What you return must be an exact copy of the lines in the listing below between the line holding "Ceramic vase" and the line holding "Hyundai INSTER 85kW", inclusive, and nothing more.

*** Exercise input ***

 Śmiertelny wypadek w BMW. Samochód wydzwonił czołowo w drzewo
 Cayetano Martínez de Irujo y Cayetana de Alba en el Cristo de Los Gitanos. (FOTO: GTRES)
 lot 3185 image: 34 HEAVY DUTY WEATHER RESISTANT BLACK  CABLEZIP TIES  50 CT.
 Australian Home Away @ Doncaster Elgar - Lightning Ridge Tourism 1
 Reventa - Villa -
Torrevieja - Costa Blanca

*** End of Exercise input ***
*** Exercise input ***

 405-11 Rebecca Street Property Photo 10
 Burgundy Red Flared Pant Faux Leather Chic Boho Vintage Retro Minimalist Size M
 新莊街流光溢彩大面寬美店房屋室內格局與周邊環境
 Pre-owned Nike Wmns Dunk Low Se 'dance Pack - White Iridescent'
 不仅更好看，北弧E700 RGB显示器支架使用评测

*** End of Exercise input ***
*** Exercise input ***

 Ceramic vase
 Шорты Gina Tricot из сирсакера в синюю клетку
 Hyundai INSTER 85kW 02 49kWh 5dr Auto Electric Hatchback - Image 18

*** End of Exercise input ***

### Answer box
 Ceramic vase
 Шорты Gina Tricot из сирсакера в синюю клетку
 Hyundai INSTER 85kW 02 49kWh 5dr Auto Electric Hatchback - Image 18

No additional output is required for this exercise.